Mary- di BERTINETTO Isabella



È notte. Una bellissima notte, le stelle splendono come non mai; una fievole brezza primaverile muove leggermente le foglie appena nate. Tutto è tranquillo; l’unico rumore è quello, lontano, della città; tutto tace, come quella notte.
È già passato un anno da allora, cioè dal giorno in cui lui mi fece provare cosa vuol dire essere all’Inferno.
L’ho conosciuto qualche mese prima della terribile notte; sembrava una persona dolce ed affabile. Ma ogni essere umano ha una maschera: chi ne ha una, chi ne ha mille; lui ne aveva tante, e fatte dannatamente bene.
Ricordo ancora come mi guardava, come mi parlava, come mi amava, ma soprattutto come mi picchiava. Ha iniziato un mese dopo il nostro incontro: eravamo nel suo appartamento, stavamo guardando un film insieme. Non ricordo quale, so solo che un attimo prima ridevamo, l’attimo dopo lui mi picchiava, tirandomi calci e pugni. Non capisco cosa lo abbia fatto arrabbiare: tuttora non lo comprendo.
I giorni passavano e le botte aumentavano. Non ce la facevo più.
Mettevo sempre maglie lunghe per nascondere i lividi sulle braccia, non andavo più in piscina, in palestra o dal dottore. Le mie amiche iniziarono a tempestarmi di domande, i miei genitori non capivano cosa mi stesse succedendo; tutti volevano aiutarmi. Ed io li rifiutavo dicendo: “Sto bene, sono solo sotto stress in questi giorni”, evitavo i loro sguardi, perché sapevo che avevano capito tutto, che gli stavo mentendo.
Un giorno, però, stanca per gli abusi, sbottai: confessai tutto ai miei genitori e, con il loro aiuto, denunciai il “mostro” che per mesi aveva usato, su di me, ogni tipo di violenza.
Pensai di essere al sicuro, ma non fu così.
Una sera andai al giardino dietro casa dei miei, dove vivevo da quando l’avevo incriminato per violenza e abuso. Ero felice di vivere finalmente una vita migliore, e sapere di non dover convivere mai più insieme a quell’incubo. Ad un tratto sentii un fruscio dietro le mie spalle; credetti fosse mio padre, che aveva la brutta abitudine di spaventare le persone appena ne aveva l’occasione. Mi girai prontamente per rovinargli i piani e godermi la sua faccia un po’ delusa, ma allo stesso tempo divertita.
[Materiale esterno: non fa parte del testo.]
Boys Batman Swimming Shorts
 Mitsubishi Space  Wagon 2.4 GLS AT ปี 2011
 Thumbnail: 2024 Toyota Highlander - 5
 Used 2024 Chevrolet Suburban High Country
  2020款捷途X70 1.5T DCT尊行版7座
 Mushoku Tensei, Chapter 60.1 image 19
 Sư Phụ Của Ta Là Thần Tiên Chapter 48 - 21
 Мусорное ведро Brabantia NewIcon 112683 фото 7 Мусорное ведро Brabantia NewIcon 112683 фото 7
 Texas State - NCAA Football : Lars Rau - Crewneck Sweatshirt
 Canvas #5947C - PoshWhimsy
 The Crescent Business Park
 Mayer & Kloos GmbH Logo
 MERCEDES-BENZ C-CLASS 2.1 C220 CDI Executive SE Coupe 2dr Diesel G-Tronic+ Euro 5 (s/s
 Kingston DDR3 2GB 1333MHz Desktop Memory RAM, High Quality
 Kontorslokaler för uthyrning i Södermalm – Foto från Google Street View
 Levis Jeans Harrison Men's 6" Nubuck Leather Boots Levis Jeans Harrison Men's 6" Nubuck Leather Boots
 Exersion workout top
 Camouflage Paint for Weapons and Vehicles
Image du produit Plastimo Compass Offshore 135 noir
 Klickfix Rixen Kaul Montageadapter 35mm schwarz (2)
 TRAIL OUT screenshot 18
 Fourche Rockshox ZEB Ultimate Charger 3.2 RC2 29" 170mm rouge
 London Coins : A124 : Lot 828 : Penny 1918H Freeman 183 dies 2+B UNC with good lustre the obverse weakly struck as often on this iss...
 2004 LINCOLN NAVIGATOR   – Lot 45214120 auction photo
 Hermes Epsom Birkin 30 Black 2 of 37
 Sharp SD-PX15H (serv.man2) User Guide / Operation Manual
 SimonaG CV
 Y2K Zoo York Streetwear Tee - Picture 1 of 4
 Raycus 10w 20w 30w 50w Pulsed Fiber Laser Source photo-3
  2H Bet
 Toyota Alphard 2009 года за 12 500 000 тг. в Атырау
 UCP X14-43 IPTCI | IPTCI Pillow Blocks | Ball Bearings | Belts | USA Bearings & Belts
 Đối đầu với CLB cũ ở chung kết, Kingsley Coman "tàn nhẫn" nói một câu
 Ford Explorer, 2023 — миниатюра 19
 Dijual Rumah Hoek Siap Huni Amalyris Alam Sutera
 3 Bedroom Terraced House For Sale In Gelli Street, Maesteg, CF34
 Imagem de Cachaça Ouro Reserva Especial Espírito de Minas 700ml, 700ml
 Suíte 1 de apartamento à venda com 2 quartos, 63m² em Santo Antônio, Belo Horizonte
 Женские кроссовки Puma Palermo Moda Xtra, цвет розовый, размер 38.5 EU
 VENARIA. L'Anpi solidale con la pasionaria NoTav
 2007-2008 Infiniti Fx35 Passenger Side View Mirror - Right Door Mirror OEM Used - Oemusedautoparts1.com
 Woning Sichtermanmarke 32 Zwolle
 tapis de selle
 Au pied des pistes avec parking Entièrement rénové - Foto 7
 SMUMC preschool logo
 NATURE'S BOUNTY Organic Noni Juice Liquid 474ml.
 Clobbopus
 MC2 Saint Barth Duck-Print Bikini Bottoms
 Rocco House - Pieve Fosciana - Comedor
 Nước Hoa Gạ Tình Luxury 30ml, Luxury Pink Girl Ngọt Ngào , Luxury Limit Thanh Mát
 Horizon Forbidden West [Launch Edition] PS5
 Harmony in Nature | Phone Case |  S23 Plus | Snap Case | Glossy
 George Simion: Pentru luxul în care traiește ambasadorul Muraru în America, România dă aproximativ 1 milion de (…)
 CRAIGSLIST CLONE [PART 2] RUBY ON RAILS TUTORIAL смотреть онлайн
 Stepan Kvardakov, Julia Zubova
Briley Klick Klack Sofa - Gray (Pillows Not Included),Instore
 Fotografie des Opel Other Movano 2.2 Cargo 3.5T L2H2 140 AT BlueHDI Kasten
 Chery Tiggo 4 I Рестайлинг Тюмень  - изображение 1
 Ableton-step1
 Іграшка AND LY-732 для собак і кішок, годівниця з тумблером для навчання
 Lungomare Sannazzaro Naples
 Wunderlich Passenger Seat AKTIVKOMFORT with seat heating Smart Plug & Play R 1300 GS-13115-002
Effettivamente c’era qualcuno dietro di me, però non mio padre, era “lui”, il “mostro”, il “demonio”, o semplicemente Raffaele che mi guardava. Il suo sguardo era pieno d’odio. Lo osservai, incapace di fare qualsiasi cosa e, subito dopo, mi si avventò contro fulmineo e mi accoltellò più e più volte. All’inizio gridavo con tutto il fiato che avevo in corpo, ma dopo pochi secondi la voce si affievolì, la mia vista si stava appannando, e pian piano le mie palpebre si abbassavano. Forse questa era la pace che desideravo realmente: morire dopo tutto quel dolore mi sembrava la via di fuga più semplice. “Non voglio morire”, pensai. “Voglio vivere”, mentre le lacrime bagnavano il mio viso.
L’ultima cosa che vidi erano i miei genitori che urlavano il mio nome: “Mary!”.
E poi calò il buio.
È notte. Una bellissima notte, le stelle splendono come non mai; una fievole brezza primaverile muove leggermente le foglie appena nate. Tutto è tranquillo, l’unico rumore è quello, lontano, della città.
Tutto tace. Una ragazza, ormai tra le braccia del sonno eterno, sorride al cielo notturno, posata su una rosa rossa che si allarga sempre più, finalmente in pace.